Secondary Securities Markets
Investor: Will the stock market go up or down?
After securities have been issued, they are frequently traded in the secondary markets. Securities can be traded on organized national and local stock exchanges, in the over-the-counter market, and directly between buyers and sellers, often using the services of an electronic network.
A market for financial securities must provide 3 functions:
- price discovery
- a mechanism for trading, where buyer and seller can agree to a price and settle at a specific time, and a means to enforce those agreements
- settlement of the agreements, that allows the buyer to transfer the money to the seller, and the seller to transfer certificates or other evidence of ownership to the buyer
The last 2 steps are commonly called execution, clearing, and settlement. Special market participants facilitate trading:
- brokers serve the public by buying and selling stocks on their behalf in exchange for a commission, but brokers do not hold inventories of stock or other securities
- dealers do hold inventories of securities by buying and selling directly with the public or with each other, and earning a profit from the difference between the sale price and the purchase price
- market makers make a market in certain securities by standing ready to buy or sell those securities during market hours, listing a bid price at which they are willing to buy a security, and an ask price at which they are willing to sell that same security
Many indexes of the various securities markets list aggregated price levels of the underlying securities, enabling investors to see at a glance its current status and past market performance in the past.

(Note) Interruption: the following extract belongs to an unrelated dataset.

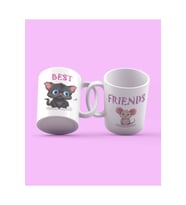 Best Friends Kedi Fare Tasarım 2'li Kupa Seti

In the United States, 2 major national stock exchanges — the New York Stock Exchange (NYSE) and the NASDAQ — list most of the major companies — and many local exchanges, list smaller, local companies. The New York Stock Exchange is the largest exchange, followed closely by NASDAQ. The local exchanges include the following:
- Boston Stock Exchange
- Philadelphia Stock Exchange
- National Stock Exchange (formerly the Cincinnati Stock Exchange)
- Chicago Stock Exchange
All exchanges have initial listing requirements companies must satisfy before they can be listed on a particular exchange. Since an exchange makes money by charging commissions or fees on trades, most requirements are designed to ensure that a minimum of trading will occur in the company's shares. In most cases, larger companies have more trading activity, so several requirements are related to ensure a minimum size. The most common requirements are a minimum market value, a minimum income and revenue, a minimum number of shares outstanding, and a minimum number of holders of public stock.
Although most stocks listed on an exchange are listed stocks for that exchange, an exchange can list the securities of any other exchange, if it so chooses. To increase pricing competition, the Securities and Exchange Act of 1934 contains a provision, called unlisted trading privileges (UTP), allowing any exchange to list any securities listed on any other exchange.
Only members of an exchange may list and execute trades at the exchange. When a retail investor wants to trade an exchange-listed stock, he must go to a broker. If the broker is a member of the exchange where the stock is listed, then she can send her client's order to a representative of her firm, who will then execute the trade. However, if her firm is not a member, then she must send the order to another broker or dealer who is a member of the exchange or to their representative at the exchange.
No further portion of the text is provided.